The governor spoke at the launch of a water project in Bamburi, Mombasa.
This was Uhuru's first public function outside State House following his arrival in Mombasa about two weeks ago. Right from the outset, Joho said he wanted to 'set the record straight' on the projects the President was launching yesterday.
He claimed that contrary to Jubilee's assertions, the national government had not launched major projects at the Coast since coming to power in 2013 and was only taking credit for projects that began before it came to power.
"We (Mombasa residents) want Jubilee to show us the projects it has done for us.
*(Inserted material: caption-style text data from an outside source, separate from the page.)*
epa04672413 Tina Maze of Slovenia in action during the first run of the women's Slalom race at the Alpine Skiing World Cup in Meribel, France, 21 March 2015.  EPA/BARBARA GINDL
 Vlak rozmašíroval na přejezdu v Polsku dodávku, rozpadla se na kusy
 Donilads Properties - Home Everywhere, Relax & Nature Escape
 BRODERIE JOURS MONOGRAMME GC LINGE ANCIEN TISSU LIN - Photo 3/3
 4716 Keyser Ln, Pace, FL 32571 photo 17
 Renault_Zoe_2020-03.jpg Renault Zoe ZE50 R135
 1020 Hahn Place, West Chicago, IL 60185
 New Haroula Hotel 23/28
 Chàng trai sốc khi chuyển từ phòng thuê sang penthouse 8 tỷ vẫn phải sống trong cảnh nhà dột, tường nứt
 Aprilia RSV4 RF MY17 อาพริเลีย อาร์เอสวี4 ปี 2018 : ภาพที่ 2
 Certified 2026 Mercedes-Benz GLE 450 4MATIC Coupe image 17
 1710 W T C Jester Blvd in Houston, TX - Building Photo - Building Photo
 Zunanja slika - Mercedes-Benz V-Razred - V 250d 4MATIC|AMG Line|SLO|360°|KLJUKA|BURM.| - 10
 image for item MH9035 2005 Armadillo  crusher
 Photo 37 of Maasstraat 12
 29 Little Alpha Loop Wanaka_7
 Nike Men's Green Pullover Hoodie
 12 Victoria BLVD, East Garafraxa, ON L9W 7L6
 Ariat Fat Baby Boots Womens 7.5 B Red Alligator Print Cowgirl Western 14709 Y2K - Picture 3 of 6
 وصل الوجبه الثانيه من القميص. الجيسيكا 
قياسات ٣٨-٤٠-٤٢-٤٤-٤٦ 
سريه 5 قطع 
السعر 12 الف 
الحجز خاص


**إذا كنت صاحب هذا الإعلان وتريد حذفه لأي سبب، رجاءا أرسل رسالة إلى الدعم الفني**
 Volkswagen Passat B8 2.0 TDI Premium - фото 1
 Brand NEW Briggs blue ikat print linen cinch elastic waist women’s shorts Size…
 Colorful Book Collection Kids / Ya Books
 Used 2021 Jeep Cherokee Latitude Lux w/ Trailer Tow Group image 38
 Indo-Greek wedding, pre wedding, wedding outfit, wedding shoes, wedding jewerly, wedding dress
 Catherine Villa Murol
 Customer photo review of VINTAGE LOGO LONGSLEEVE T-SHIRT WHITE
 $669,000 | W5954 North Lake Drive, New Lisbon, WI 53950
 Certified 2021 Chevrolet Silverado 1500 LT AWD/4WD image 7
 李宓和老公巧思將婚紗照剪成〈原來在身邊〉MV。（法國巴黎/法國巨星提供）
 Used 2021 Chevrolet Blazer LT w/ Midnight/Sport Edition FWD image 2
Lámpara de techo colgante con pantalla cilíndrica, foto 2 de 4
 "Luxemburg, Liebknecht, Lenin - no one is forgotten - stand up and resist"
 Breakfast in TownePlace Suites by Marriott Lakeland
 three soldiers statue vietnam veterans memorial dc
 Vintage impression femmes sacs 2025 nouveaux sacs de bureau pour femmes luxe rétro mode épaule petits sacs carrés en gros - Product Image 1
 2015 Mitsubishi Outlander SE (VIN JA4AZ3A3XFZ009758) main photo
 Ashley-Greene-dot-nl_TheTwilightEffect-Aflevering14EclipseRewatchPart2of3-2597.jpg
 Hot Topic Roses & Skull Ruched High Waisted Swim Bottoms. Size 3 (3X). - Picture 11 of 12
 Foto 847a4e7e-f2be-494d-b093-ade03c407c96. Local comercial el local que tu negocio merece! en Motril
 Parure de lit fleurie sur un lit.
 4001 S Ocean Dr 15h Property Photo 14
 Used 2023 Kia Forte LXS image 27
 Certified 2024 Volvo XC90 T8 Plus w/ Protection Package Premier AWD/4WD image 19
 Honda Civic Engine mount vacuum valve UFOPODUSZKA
The project being unveiled today was started in 2010," Joho said.
The governor further claimed Jubilee had failed to deliver for the people of Mombasa and that its leaders had resorted to deceiving the electorate using projects funded by World Bank or started by the defunct Mombasa Municipal Council.
"We want to see the billions (of shillings) that have been disbursed to other areas today brought to Mombasa," said Joho, who dismissed President Kenyatta and other Jubilee leaders' visit in Mombasa as a "tourism trip to benefit our hotels".
As the governor spoke, Uhuru did not display much emotion but other Jubilee leaders were openly uncomfortable.
When the President spoke, he did not refer directly to Joho's criticism or identify the governor by name but accused the county government of delaying the process of allocating space at the newly built Kongowea market, which he launched in December 2015.
"We launched the Kongowea market almost a year ago and I'm told traders have not been allowed to operate from there. Can the county hasten the process," said Uhuru.
But Uhuru allies were less diplomatic in their response. Mr Mung'aro and Mr Awiti dismissed Joho, terming his attack on Uhuru as "disrespectful to the country's presidency".
"It is petty for a leader to criticise the President for completing projects regardless of whoever initiated them. We have had instances in the region where elected MPs have failed or refused to complete projects because they were started by their predecessor," said Mung'aro.
Awiti who is Wiper Democratic Movement National Treasurer defended Jubilee government's development record in the region and lashed out at Joho saying his administration cannot account for billions it's allocated annually.
"The biggest problems we have in this county is discrimination along religious and tribal lines. The county cannot account for billions it is allocated every financial year," said Awiti.
The MP challenged Joho to show Mombasa residents the projects that his administration had implemented and stop lamenting and "peddling lies" that the county's development plan had been frustrated by Jubilee.
Joho skipped three of the four projects that Uhuru had earlier launched yesterday. The governor was represented by his deputy, Hazel Katana, at the launch of Mombasa's first foot bridge in the Buxton.
This is not the first time Governor Joho was openly clashing with Jubilee leadership. In December 2015 he publicly accused the Government of disrespecting him.